* _Problem_:
Write out every entry exactly; the pictures do not belong in the copy.
Material for the task: Begin
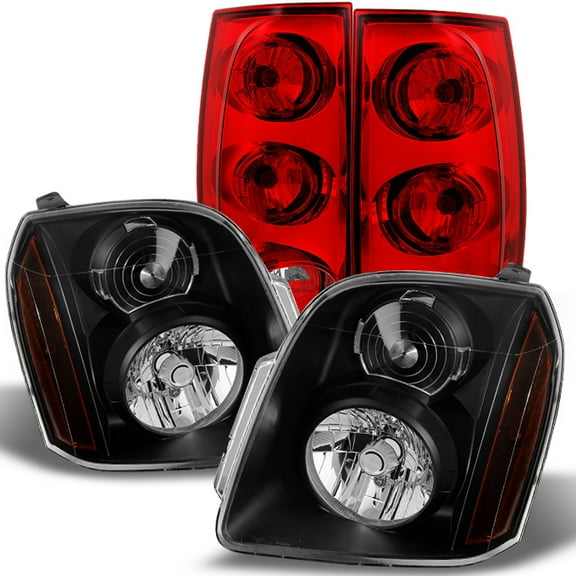 AKKON - For GMC Yukon XL 1500|2500 Black Headlights Tail Lights Driver Left & Passenger Right Replacement Pair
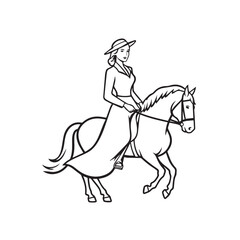 Black and white line art of a beautiful woman with perfect body riding horse elegant minimalist illustration
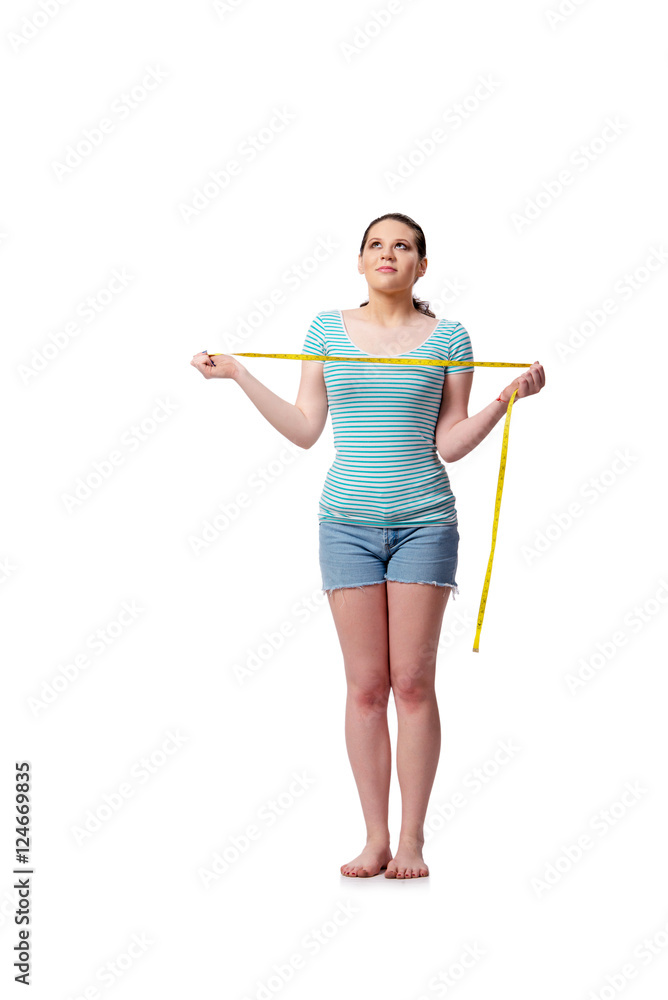 Young woman in sports concept isolated on the white Young woman in sports concept isolated on the white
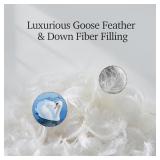 Hotel Grand Luxury White Goose Feather Down Fiber Comforter Twin Size, 100% Cotton All Season Duvet Insert Twin, Medium Warmth Bedding Comforter with 8 Corner Loops, White 68x90 Inch - Retail: $60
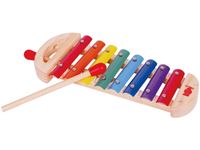 Metalowe cymbałki drewniana podstawa kolorowe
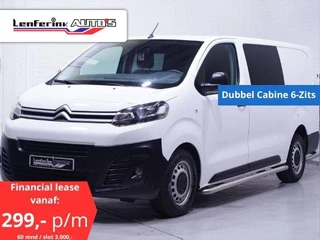 Citroen Jumpy 2.0 HDI 120 pk Club XL Dubbel Cabine 6-Zits Airco ECC, Apple Carplay, Cruise Control, NAP, Sidebars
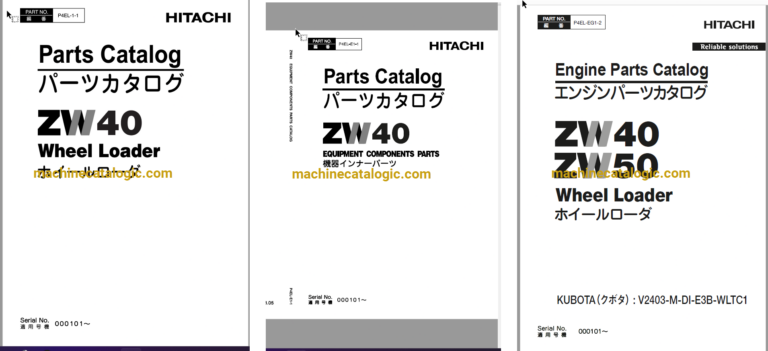 Hitachi ZW40 Wheel Loader Full Parts and Engine Parts Catalog
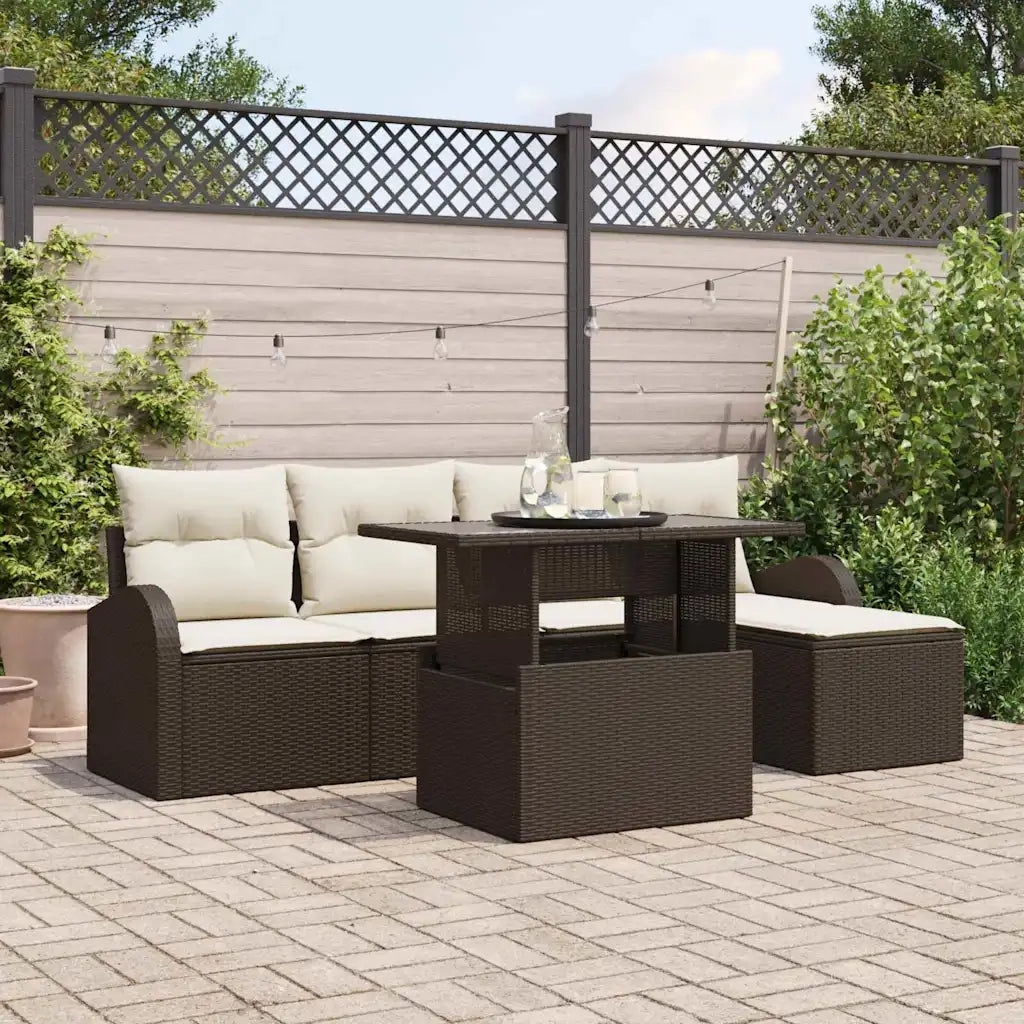 Set Divano da Giardino con cuscino 6 pcs Marrone polyrattan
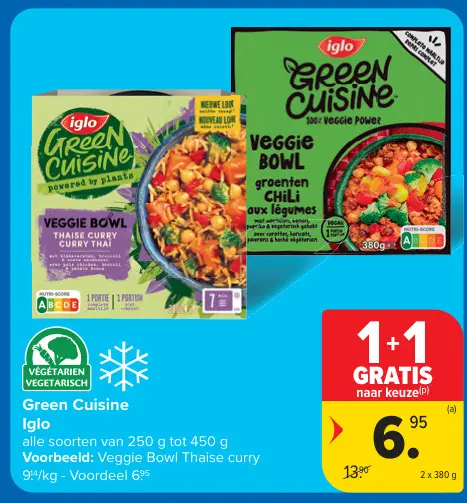 Promotie: Green Cuisine Veggie Bowl Thaise curry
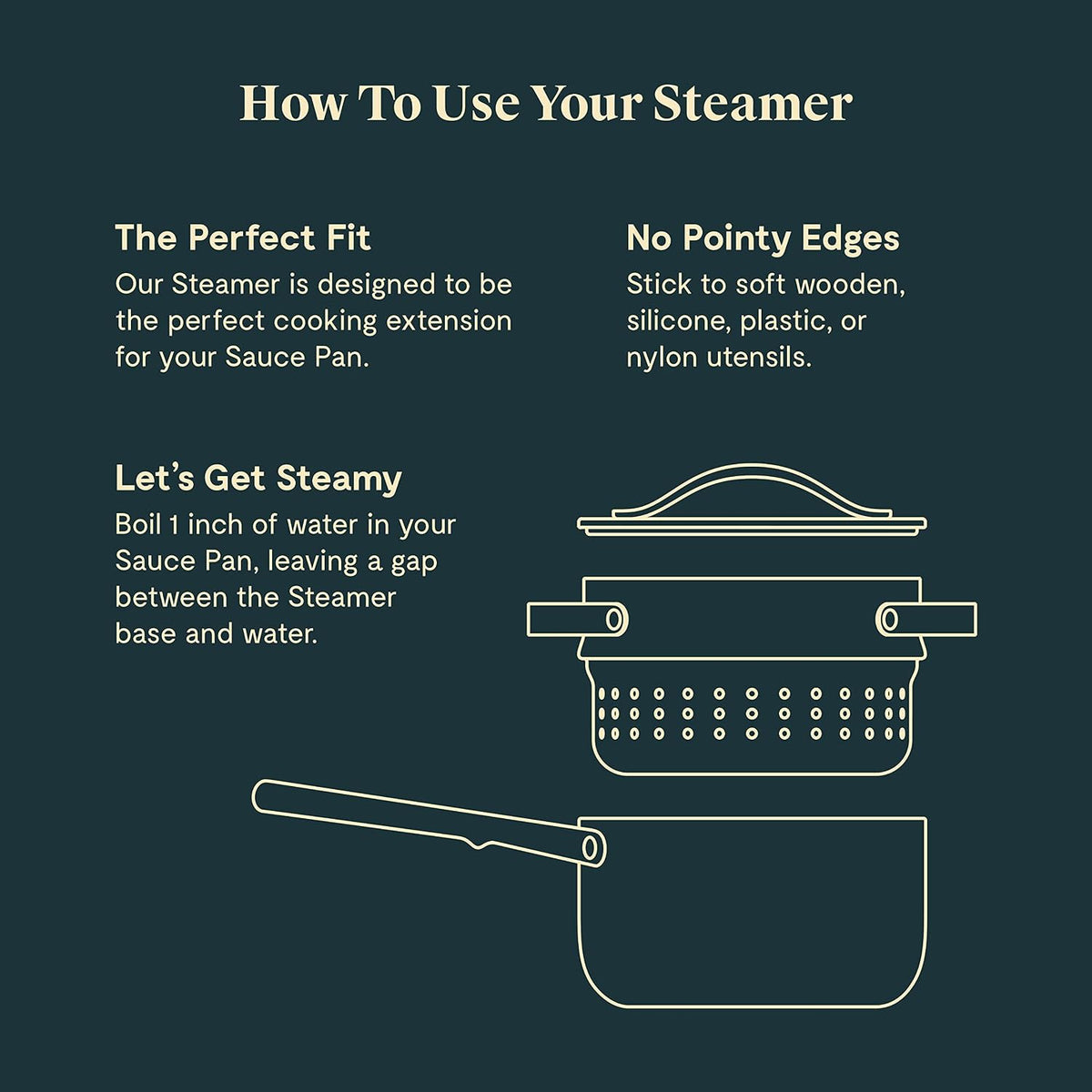 Caraway Steamer, Stainless Steel Steamer with Handles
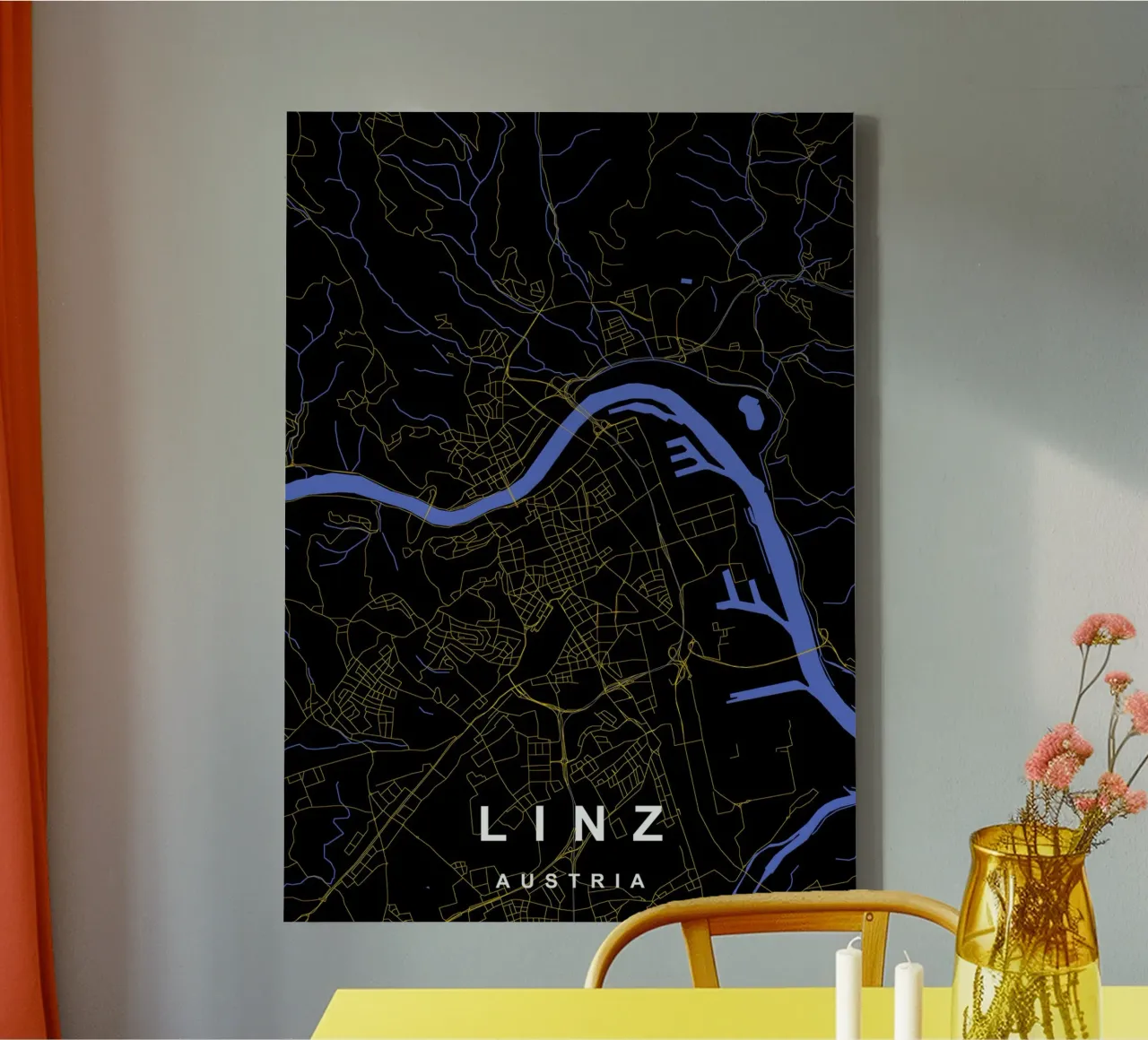 Linz Austria - Mappa della città in nero e oro tela con Cornice a cassetta da Cartographers Library
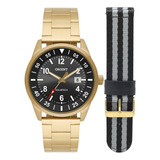 Relógio Masculino Solar Tech Orient Dourado Mgss1253 P2kx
Material for the task: End
* _Task solution_:
 AKKON - For GMC Yukon XL 1500|2500 Black Headlights Tail Lights Driver Left & Passenger Right Replacement Pair
 Black and white line art of a beautiful woman with perfect body riding horse elegant minimalist illustration
 Young woman in sports concept isolated on the white Young woman in sports concept isolated on the white
 Hotel Grand Luxury White Goose Feather Down Fiber Comforter Twin Size, 100% Cotton All Season Duvet Insert Twin, Medium Warmth Bedding Comforter with 8 Corner Loops, White 68x90 Inch - Retail: $60
 Metalowe cymbałki drewniana podstawa kolorowe
 Citroen Jumpy 2.0 HDI 120 pk Club XL Dubbel Cabine 6-Zits Airco ECC, Apple Carplay, Cruise Control, NAP, Sidebars
 Hitachi ZW40 Wheel Loader Full Parts and Engine Parts Catalog
 Set Divano da Giardino con cuscino 6 pcs Marrone polyrattan
 Promotie: Green Cuisine Veggie Bowl Thaise curry
 Caraway Steamer, Stainless Steel Steamer with Handles
 Linz Austria - Mappa della città in nero e oro tela con Cornice a cassetta da Cartographers Library
 Relógio Masculino Solar Tech Orient Dourado Mgss1253 P2kx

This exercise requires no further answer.